--- GIVEN INFORMATION ---
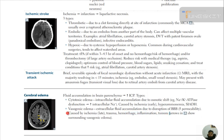Vasogenic edema: extracellular fluid accumulation due to disruption of the blood-brain barrier and increased permeability. Caused by ischemia at later stages, trauma, hemorrhage, inflammation, and tumor. As seen in the image, the tumor is on one side and the surrounding vasogenic edema is visible.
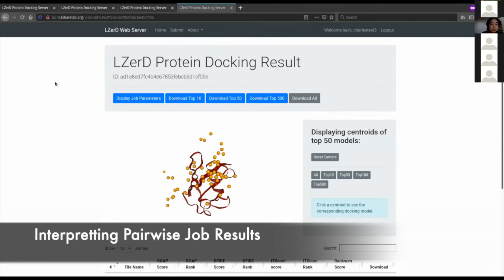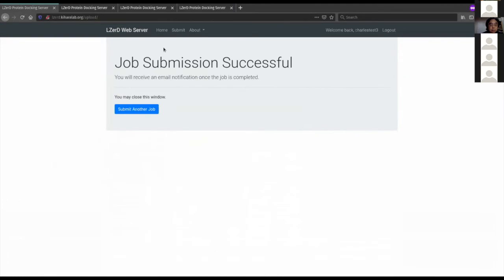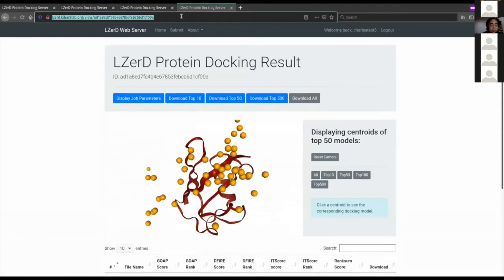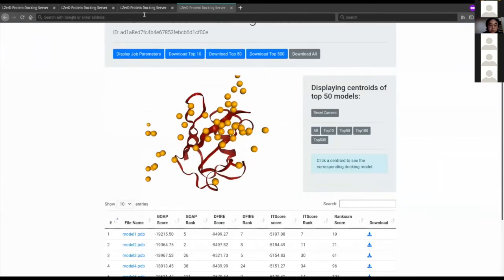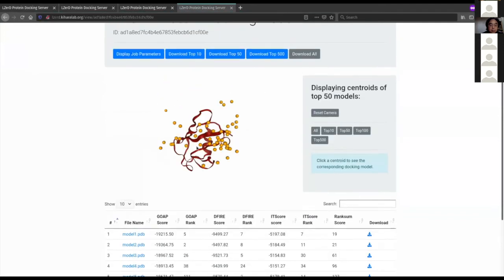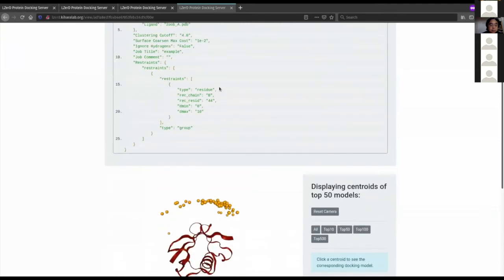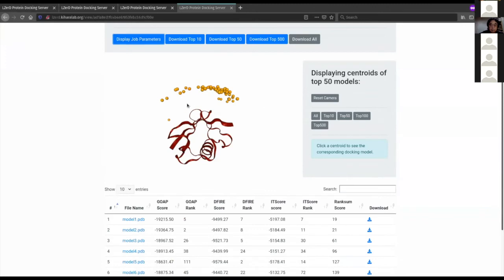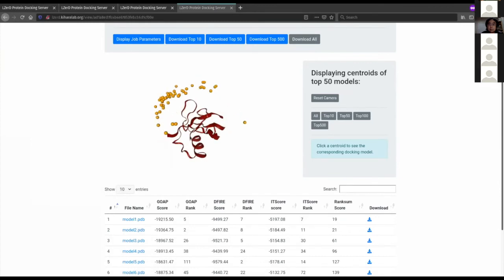I've loaded in this job. You can either do the same procedure I just did by submitting the example job, or follow a link I've put in the Zoom chat. On the results page, there is a summary visualization of the docking run. This docking run had one receptor binding site restraint specifying that residue 44 should be within 10 Angstroms of the ligand. The receptor protein is shown in red, and the orange dots each represent the centroid of a docked ligand position.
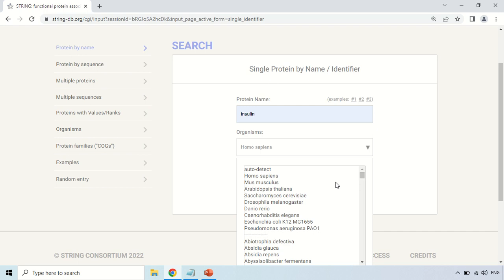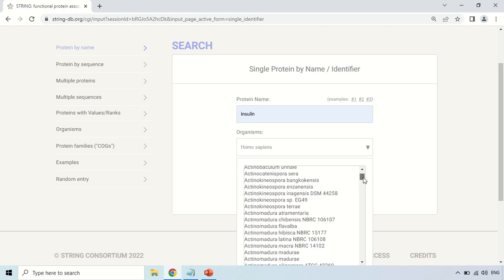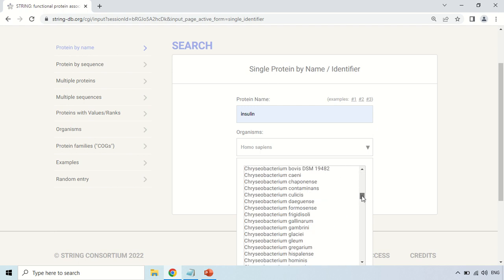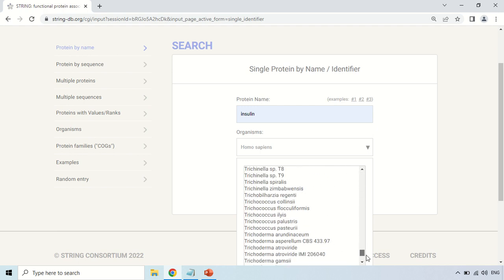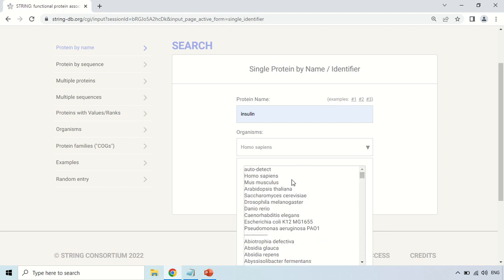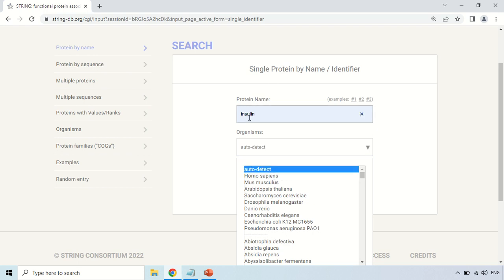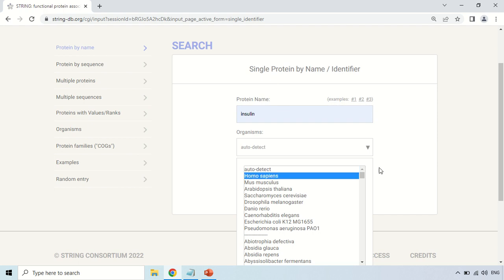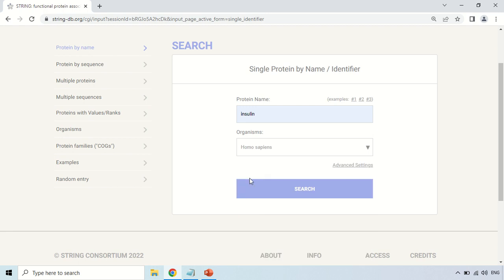Now the organism list appears, including Homo sapiens, mouse, and so on. You can scroll down and see that there is a huge list of organisms available. You can choose your organism according to your need, but this time I am choosing Homo sapiens because I want to perform the protein interaction of insulin present in Homo sapiens. Alternatively, you can use the auto-detect option, which will automatically detect which organism the protein is available in.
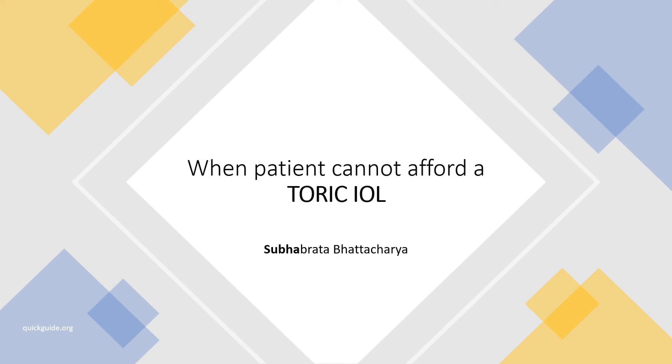Friends, in this video I'm going to talk to you about the choice of IOL power for patients who have astigmatism and you are not able to provide toric IOLs because the patient may not be able to afford it or for any other reason.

--- WHAT IS EXPECTED ---
Output the data exactly. Leave every picture out.

--- EXERCISE RESPONSE ---
Vasogenic edema: extracellular fluid accumulation due to disruption of the blood-brain barrier and increased permeability. Caused by ischemia at later stages, trauma, hemorrhage, inflammation, and tumor. As seen in the image, the tumor is on one side and the surrounding vasogenic edema is visible.
I've loaded in this job. You can either do the same procedure I just did by submitting the example job, or follow a link I've put in the Zoom chat. On the results page, there is a summary visualization of the docking run. This docking run had one receptor binding site restraint specifying that residue 44 should be within 10 Angstroms of the ligand. The receptor protein is shown in red, and the orange dots each represent the centroid of a docked ligand position.
Now the organism list appears, including Homo sapiens, mouse, and so on. You can scroll down and see that there is a huge list of organisms available. You can choose your organism according to your need, but this time I am choosing Homo sapiens because I want to perform the protein interaction of insulin present in Homo sapiens. Alternatively, you can use the auto-detect option, which will automatically detect which organism the protein is available in.
Friends, in this video I'm going to talk to you about the choice of IOL power for patients who have astigmatism and you are not able to provide toric IOLs because the patient may not be able to afford it or for any other reason.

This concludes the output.